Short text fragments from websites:
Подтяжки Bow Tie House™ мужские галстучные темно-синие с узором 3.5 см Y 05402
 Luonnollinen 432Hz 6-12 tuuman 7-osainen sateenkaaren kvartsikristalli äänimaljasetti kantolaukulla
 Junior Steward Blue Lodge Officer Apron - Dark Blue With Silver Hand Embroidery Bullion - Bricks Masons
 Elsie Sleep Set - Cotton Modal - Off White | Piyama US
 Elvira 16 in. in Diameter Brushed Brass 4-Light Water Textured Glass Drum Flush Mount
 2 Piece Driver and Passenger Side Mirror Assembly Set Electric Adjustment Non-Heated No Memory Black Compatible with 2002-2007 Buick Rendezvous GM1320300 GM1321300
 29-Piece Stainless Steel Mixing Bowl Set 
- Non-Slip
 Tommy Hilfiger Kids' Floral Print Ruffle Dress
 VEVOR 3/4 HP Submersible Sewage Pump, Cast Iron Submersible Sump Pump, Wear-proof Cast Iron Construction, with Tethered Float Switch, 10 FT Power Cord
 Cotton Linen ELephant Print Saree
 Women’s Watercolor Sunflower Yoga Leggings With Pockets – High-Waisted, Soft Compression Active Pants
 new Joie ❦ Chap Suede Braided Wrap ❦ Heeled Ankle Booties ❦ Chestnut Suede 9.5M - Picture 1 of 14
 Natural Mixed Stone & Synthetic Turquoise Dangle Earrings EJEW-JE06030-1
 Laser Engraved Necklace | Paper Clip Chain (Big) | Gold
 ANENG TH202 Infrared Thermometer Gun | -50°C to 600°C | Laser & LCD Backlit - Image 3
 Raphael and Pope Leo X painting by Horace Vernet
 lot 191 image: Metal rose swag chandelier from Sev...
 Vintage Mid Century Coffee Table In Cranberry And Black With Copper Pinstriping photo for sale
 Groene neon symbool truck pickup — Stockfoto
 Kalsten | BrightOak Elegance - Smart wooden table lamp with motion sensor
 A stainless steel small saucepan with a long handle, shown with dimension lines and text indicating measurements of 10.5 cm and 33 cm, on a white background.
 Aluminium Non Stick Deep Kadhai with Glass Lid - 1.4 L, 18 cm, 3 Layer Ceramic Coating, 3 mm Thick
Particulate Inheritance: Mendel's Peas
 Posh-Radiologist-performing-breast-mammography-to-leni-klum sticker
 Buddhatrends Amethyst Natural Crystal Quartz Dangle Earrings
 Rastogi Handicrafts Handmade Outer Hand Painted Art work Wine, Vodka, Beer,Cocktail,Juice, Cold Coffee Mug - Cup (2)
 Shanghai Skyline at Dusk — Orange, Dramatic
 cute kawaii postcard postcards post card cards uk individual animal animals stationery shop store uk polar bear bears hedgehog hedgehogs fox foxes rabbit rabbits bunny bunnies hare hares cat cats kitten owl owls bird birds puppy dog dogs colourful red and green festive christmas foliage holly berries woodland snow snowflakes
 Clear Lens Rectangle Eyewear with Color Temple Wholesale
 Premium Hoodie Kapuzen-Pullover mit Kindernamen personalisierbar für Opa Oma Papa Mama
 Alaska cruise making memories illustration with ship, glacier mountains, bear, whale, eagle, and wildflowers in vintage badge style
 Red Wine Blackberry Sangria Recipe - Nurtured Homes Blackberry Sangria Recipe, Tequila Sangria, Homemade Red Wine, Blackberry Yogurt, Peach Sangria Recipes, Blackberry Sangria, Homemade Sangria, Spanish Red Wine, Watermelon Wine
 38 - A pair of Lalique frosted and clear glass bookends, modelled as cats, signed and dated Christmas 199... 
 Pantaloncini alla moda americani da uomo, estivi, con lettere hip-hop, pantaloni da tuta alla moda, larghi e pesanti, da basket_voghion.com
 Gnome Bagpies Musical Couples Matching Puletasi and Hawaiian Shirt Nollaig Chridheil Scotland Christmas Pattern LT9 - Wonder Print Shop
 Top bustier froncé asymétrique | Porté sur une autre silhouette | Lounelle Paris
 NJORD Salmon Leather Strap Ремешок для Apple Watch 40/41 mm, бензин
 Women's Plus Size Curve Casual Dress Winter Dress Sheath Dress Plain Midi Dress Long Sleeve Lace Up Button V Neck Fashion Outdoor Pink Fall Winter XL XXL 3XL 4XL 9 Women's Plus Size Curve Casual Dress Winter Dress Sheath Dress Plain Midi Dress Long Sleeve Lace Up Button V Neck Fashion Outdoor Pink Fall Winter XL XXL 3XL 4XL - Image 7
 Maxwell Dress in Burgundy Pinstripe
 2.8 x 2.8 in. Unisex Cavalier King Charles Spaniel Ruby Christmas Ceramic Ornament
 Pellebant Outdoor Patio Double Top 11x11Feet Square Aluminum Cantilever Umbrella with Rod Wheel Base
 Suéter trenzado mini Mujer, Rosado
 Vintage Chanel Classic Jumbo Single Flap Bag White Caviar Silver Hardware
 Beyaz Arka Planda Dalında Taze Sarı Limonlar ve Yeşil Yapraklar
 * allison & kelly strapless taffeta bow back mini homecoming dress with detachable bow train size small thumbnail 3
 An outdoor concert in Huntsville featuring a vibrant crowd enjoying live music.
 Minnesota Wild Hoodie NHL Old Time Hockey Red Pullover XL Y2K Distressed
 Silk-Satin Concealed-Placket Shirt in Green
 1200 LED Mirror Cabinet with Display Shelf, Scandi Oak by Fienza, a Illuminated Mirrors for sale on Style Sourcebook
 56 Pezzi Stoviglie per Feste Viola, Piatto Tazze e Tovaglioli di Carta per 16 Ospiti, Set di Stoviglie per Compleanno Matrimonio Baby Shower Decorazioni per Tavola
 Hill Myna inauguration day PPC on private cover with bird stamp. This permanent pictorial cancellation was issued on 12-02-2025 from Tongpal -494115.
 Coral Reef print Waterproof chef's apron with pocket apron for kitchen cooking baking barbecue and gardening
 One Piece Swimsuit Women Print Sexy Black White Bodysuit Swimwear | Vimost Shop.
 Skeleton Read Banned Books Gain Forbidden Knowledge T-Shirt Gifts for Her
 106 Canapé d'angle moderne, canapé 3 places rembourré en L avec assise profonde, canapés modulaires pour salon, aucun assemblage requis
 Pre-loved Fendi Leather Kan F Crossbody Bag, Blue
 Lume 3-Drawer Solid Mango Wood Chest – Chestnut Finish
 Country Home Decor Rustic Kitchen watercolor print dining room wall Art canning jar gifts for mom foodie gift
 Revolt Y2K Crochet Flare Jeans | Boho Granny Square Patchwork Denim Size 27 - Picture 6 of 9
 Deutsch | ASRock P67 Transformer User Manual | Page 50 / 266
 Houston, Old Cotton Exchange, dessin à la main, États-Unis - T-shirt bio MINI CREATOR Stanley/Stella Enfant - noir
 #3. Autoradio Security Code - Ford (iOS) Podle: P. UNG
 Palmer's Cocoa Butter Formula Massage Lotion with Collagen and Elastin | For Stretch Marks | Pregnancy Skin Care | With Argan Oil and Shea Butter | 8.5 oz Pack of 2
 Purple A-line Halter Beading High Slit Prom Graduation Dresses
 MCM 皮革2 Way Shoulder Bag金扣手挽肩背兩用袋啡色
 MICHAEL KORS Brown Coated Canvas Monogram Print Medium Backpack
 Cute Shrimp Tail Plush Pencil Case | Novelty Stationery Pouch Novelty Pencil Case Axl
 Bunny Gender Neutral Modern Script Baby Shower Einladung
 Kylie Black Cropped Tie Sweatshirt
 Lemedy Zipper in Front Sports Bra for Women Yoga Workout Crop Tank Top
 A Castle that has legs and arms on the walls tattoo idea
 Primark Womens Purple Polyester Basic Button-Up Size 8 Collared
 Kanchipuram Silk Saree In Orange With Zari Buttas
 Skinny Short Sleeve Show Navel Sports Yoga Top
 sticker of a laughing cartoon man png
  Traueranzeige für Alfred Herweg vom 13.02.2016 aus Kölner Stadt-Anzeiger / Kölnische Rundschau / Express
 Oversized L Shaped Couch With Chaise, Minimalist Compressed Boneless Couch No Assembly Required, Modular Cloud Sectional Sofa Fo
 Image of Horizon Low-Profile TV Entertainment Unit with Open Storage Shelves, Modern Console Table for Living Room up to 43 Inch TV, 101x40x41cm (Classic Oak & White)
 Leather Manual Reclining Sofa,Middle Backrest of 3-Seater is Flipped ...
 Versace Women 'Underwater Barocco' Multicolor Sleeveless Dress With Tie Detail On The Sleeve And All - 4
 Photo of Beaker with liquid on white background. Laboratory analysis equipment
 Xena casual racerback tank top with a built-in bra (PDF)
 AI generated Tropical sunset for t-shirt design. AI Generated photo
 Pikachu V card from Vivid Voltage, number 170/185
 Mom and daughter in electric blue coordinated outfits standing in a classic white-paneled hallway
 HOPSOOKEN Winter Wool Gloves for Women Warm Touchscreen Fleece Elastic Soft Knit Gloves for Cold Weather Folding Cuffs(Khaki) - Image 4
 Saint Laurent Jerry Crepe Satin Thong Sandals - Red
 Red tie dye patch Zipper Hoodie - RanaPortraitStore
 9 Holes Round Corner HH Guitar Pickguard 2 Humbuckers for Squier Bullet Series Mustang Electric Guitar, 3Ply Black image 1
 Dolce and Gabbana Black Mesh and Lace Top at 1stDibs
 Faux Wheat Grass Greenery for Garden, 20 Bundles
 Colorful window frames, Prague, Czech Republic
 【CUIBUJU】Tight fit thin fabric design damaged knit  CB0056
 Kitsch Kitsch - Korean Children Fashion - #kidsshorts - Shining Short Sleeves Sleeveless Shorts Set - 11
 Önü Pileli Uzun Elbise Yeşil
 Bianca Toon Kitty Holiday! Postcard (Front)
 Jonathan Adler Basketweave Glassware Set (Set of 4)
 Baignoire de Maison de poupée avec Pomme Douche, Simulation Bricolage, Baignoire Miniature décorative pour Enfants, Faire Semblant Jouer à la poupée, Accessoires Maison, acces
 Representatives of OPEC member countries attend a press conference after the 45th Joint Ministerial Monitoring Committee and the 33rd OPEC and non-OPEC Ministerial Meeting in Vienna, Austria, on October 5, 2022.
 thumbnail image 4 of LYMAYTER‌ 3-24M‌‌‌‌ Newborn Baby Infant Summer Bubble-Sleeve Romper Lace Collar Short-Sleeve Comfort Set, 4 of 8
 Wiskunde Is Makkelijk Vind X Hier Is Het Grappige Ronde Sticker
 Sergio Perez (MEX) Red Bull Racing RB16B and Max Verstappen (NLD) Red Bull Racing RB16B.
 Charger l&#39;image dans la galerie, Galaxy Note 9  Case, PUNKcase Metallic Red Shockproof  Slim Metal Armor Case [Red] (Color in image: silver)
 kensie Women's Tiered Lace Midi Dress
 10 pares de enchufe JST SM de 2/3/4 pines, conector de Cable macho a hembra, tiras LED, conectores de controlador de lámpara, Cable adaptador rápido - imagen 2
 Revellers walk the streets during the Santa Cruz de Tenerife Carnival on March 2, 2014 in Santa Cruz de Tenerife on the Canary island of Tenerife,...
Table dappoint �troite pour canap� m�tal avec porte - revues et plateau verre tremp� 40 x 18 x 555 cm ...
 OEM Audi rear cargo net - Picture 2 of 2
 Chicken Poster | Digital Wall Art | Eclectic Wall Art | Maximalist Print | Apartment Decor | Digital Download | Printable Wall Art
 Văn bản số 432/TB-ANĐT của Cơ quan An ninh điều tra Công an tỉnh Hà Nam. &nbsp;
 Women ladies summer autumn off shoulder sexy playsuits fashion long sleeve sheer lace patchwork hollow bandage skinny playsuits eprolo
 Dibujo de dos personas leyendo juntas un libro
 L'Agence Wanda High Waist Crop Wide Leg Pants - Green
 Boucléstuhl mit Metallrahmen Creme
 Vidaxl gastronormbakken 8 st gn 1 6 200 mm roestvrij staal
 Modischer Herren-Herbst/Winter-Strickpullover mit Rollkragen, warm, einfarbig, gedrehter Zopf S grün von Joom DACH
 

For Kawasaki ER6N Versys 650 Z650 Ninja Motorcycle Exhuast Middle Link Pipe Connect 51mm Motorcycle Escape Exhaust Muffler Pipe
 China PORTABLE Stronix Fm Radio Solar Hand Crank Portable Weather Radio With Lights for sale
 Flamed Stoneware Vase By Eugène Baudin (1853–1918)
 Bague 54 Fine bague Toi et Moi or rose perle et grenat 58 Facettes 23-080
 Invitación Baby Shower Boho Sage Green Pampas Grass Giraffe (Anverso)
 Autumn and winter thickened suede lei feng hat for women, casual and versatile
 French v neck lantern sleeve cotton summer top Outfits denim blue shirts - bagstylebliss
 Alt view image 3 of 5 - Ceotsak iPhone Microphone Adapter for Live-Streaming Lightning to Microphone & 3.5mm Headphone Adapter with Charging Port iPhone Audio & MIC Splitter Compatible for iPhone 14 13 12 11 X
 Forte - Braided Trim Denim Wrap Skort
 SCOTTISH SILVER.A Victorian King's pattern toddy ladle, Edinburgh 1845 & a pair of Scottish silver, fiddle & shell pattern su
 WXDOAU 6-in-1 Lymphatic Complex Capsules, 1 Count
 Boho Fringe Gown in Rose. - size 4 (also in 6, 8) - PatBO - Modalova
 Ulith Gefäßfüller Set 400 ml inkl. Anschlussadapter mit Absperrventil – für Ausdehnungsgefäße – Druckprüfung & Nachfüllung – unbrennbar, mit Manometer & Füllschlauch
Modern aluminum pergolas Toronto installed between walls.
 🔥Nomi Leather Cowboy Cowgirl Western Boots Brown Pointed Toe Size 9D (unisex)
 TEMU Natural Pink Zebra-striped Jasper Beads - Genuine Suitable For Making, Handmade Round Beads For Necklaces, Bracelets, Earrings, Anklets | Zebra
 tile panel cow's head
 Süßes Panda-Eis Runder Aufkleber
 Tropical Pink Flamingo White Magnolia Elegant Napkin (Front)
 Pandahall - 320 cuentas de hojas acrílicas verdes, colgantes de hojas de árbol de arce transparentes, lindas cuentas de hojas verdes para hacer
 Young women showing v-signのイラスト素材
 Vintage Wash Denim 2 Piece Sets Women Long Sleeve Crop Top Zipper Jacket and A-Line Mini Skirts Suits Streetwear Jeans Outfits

Exercise prompt:
What do the lines from the one with "tile panel cow's head" through the last line of the entries say? Print them word for word, both ends included, and nothing else.

Task answer:
 tile panel cow's head
 Süßes Panda-Eis Runder Aufkleber
 Tropical Pink Flamingo White Magnolia Elegant Napkin (Front)
 Pandahall - 320 cuentas de hojas acrílicas verdes, colgantes de hojas de árbol de arce transparentes, lindas cuentas de hojas verdes para hacer
 Young women showing v-signのイラスト素材
 Vintage Wash Denim 2 Piece Sets Women Long Sleeve Crop Top Zipper Jacket and A-Line Mini Skirts Suits Streetwear Jeans Outfits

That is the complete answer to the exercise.